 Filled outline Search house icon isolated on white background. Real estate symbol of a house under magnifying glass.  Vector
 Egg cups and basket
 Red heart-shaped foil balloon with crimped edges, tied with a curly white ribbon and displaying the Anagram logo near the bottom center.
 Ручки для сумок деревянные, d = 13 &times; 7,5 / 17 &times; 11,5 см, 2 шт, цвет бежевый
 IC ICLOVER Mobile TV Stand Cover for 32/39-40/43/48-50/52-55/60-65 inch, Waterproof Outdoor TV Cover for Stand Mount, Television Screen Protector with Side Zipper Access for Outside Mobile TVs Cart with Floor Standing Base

□ □ □

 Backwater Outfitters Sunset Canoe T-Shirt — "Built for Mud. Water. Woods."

□ □ □

> **What you will do**:
Set down, from the entries above, exactly the lines from the one with "Filled outline Search" up to and including the one with "Ручки для сумок", and no other lines.

> **Solution below**:
 Filled outline Search house icon isolated on white background. Real estate symbol of a house under magnifying glass.  Vector
 Egg cups and basket
 Red heart-shaped foil balloon with crimped edges, tied with a curly white ribbon and displaying the Anagram logo near the bottom center.
 Ручки для сумок деревянные, d = 13 &times; 7,5 / 17 &times; 11,5 см, 2 шт, цвет бежевый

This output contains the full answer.